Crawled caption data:

*-*-*

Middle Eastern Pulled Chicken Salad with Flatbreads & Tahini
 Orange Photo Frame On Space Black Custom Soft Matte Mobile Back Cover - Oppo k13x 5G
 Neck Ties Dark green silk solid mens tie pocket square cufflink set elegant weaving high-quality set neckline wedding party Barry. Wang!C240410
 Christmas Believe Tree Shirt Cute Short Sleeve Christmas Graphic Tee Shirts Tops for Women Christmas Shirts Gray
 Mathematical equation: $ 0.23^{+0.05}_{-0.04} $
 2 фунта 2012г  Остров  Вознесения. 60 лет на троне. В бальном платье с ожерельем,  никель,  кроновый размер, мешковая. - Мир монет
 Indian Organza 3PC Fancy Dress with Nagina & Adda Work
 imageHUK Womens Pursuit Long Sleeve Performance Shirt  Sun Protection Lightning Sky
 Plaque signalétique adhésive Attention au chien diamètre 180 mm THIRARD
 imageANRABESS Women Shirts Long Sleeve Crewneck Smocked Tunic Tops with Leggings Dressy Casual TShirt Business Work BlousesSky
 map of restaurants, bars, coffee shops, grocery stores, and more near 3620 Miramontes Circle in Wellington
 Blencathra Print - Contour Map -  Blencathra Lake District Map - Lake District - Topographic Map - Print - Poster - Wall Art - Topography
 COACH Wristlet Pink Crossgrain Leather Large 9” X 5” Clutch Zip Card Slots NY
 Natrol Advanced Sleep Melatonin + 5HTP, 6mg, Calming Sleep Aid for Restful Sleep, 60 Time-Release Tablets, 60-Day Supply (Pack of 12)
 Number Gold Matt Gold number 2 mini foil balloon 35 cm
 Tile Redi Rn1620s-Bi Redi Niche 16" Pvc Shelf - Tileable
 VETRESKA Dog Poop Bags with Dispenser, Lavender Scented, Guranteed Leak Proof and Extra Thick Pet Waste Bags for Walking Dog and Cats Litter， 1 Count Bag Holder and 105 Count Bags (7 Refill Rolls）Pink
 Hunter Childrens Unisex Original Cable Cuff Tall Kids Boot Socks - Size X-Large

*-*-*

All lines above from the one holding "Plaque signalétique adhésive" to the one holding "imageANRABESS Women Shirts", inclusive, are to be copied exactly; no other line is wanted.

Completed task
 Plaque signalétique adhésive Attention au chien diamètre 180 mm THIRARD
 imageANRABESS Women Shirts Long Sleeve Crewneck Smocked Tunic Tops with Leggings Dressy Casual TShirt Business Work BlousesSky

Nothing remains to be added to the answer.